MTT does not respond well to heat or light. Over the years, I’ve seen fresh yellow MTT powder slowly fade to a dull shade after a bottle had sat near a window. I’ve lost entire kits that turned unreliable just because they were left out on a benchtop. Direct sun or even bright indoor lighting kickstarts a chemical breakdown of MTT, reducing its effectiveness. Temperature swings have a similar effect. If left in warm rooms, the crystal structure changes, and eventually, experiments just stop working right.

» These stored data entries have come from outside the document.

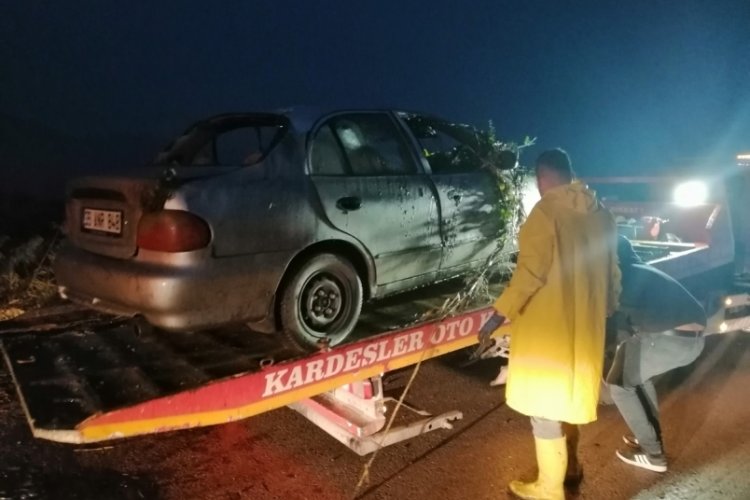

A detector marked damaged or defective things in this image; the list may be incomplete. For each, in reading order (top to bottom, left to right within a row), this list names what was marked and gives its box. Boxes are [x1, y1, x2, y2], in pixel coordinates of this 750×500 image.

damaged sedan car [54, 107, 516, 350]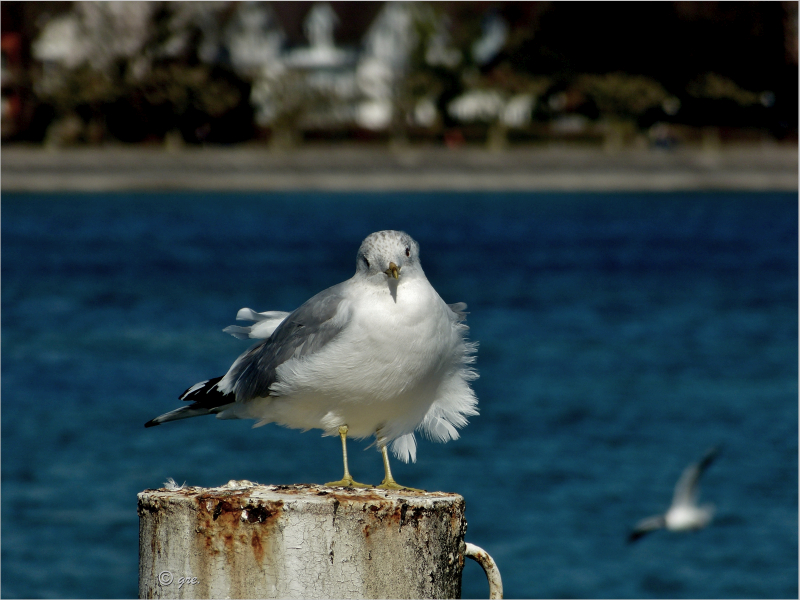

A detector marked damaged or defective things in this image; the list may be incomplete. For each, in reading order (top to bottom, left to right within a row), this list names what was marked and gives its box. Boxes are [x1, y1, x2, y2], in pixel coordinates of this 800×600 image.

rusty wooden post [139, 480, 468, 600]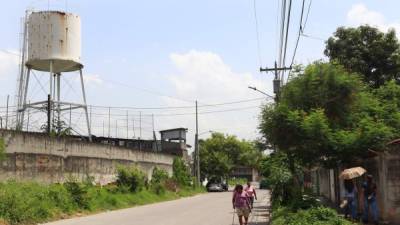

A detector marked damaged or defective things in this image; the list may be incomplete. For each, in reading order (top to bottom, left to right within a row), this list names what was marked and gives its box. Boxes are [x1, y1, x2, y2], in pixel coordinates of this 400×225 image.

rusty water tower [15, 11, 91, 141]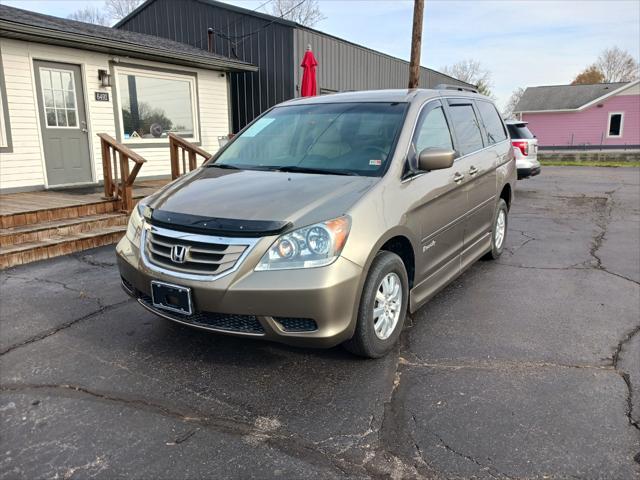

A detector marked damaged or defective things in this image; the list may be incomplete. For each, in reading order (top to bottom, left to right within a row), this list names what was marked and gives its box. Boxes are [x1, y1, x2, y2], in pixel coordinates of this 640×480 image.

cracked pavement [1, 167, 640, 478]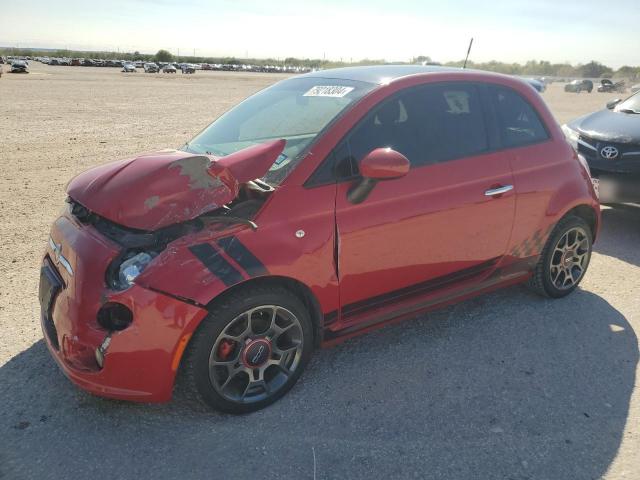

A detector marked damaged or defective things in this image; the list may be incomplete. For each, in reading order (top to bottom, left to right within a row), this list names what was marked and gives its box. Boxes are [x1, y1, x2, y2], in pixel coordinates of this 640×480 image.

crumpled front hood [568, 109, 640, 143]
crumpled front hood [66, 139, 284, 231]
front bumper damage [40, 213, 209, 402]
broken headlight [109, 251, 156, 288]
damaged red fiat 500 [40, 66, 600, 412]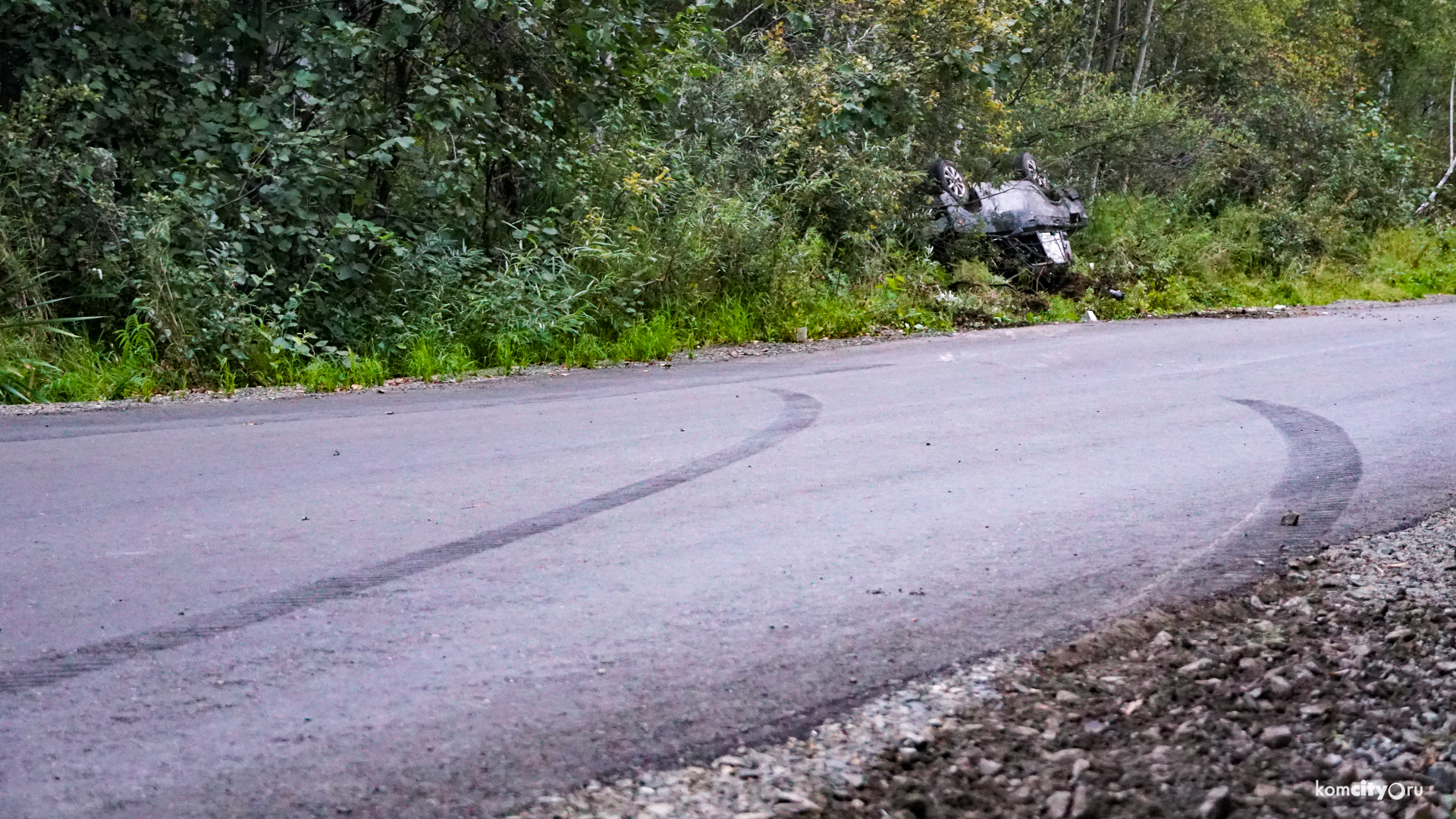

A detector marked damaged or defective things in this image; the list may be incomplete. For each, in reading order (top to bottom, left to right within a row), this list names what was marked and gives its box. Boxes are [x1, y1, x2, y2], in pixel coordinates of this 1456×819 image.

Lab protocols recommend keeping MTT tightly sealed, stored in a dark container, in a refrigerator set between 2–8°C. Most manufacturers print these guidelines right on the bottle. This helps keep both the powder and solution fresh much longer. If you skip this and just leave MTT at room temperature, you might see odd readings or an unexpected color shift after only a couple of weeks.
MTT solution does not last as long as the powder. Mixing up more stock solution than needed for a few days often leads to wasted chemicals and questionable results. I always prepare just enough solution for a week, max, and keep it wrapped in foil inside the fridge. Even there, the solution can degrade. If it turns greenish or brown, toss it. There’s no shortcut that fixes degraded solution.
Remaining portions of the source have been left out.